Last May, I had the pleasure to sit next to the CEO of a very successful multi-office, national executive search firm at a staffing and recruiting awards banquet. She’d been interested in Bullhorn for more than a year plus, was sold on our value to her business, and fully understood our per month pricing model (on a per user basis we are cheaper than the average recruiter’s cell phone bill) and very low switching costs. Yet she was reluctant to move, even when it was shown to her that similar Bullhorn customers experienced a 35% increase in placements on a per recruiter basis during the first two years of use (in fact, in this case her infrastructure costs would have also gone down by well more than 50%, making Bullhorn virtually free). In Freakonomics terms, the added placements of just one recruiter, annually, pays for the use of the product for all of the other recruiters. Any additional placements from the other recruiters is pure profit.
So why not switch? Here are some of the Freakonomics myths, rational and otherwise, on why:
- Myth #1 – I already own all of my software. Do you really? Look at your costs again – what are you paying in maintenance and upgrades over a 5 year period?
- Myth #2 – Change disrupts our business. Antiquated systems disrupt business by preventing growth, and with a recovery emerging, they lead to retention issues of star performers.
- Myth #3 – Our existing system works fine. How does your system compare to those of competitors who are experiencing higher placement rates with other systems?
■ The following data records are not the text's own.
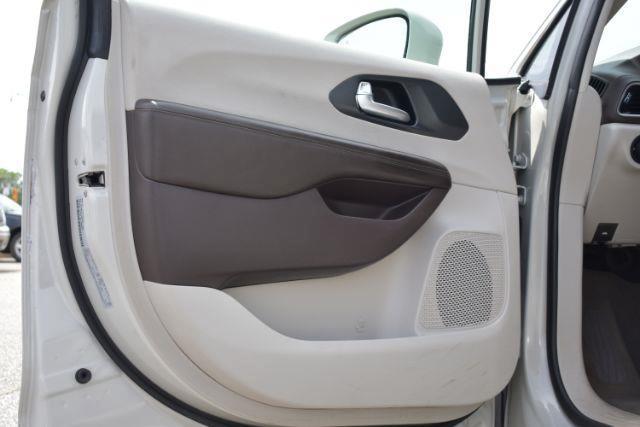 Chrysler Pacifica Touring Plus 2021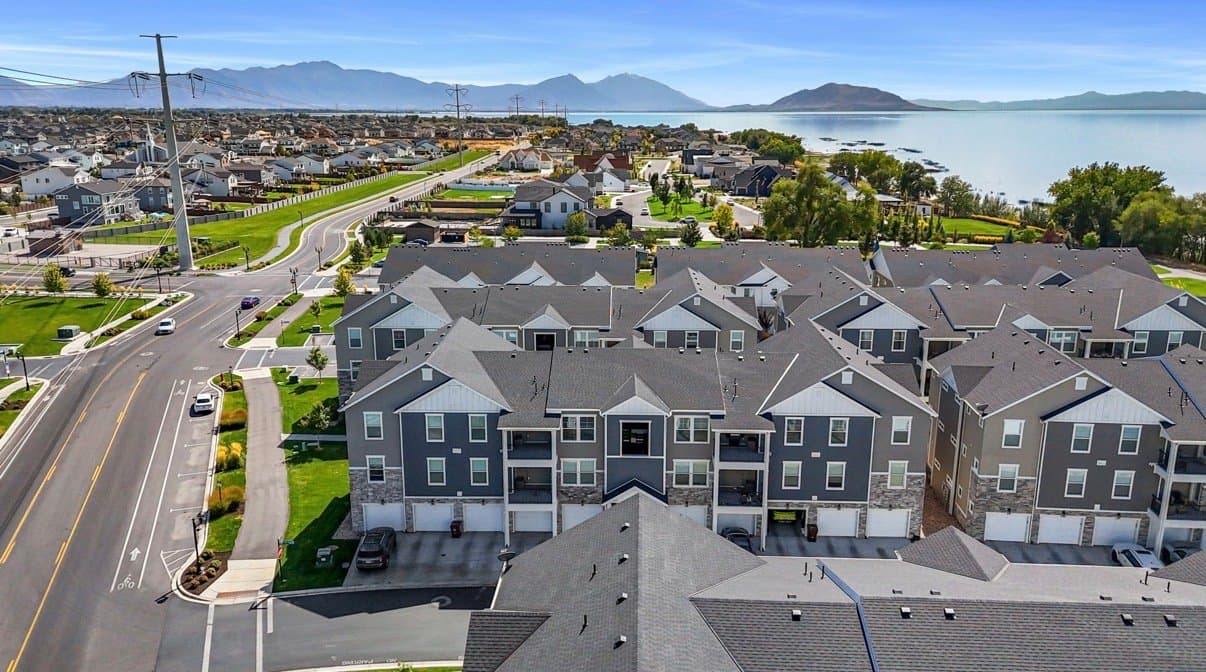 Vineyard Condo: 317 W 435 N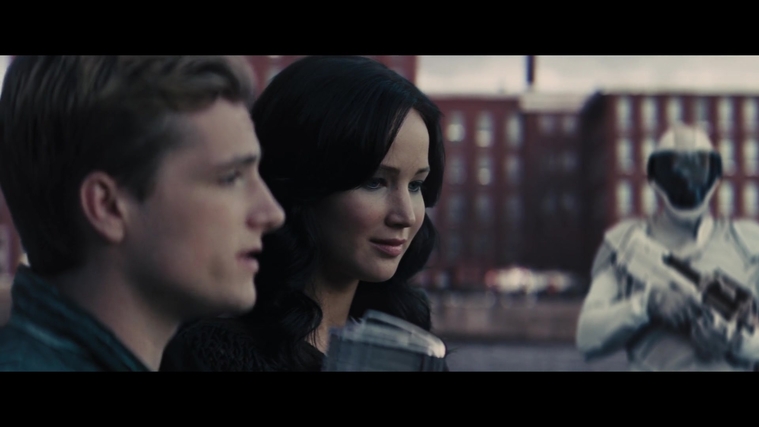 The_Hunger_Games_Catching_Fire_2013_1080p_BluRay_x264_AAC_-_Ozlem_01878.jpg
Can you develop a competitive advantage in your market with a new solution?
- Myth #4 – Our competitive edge is based on our people and not technology. Your people need the Internet to source candidates and prospect for customers. A software-as-a-service solution like Bullhorn is part of the Internet.
- Myth #5 – We need to spend our time on recruiting and not evaluating and implementing technology. What’s the opportunity cost of that time if you are spending more time keeping an existing system working or your recruiters take longer to place candidates?
It’s only the first week in January and many of us are still working on New Year’s resolutions. From a professional perspective, I want to make it easier for our customers and prospects to understand the value of Bullhorn. What about you? I’m optimistic, 2010 looks promising, so why not put the Freakonomics of staffing and recruiting technology decisions aside, and take a good look at how to improve your business with the economy recovering? That CEO I mentioned? Her company signed with Bullhorn in December. Oh, and my speculation on why some people drive out of their way to “save” a few cents – immediate gratification. It goes back to Myth #1 above, doesn’t it?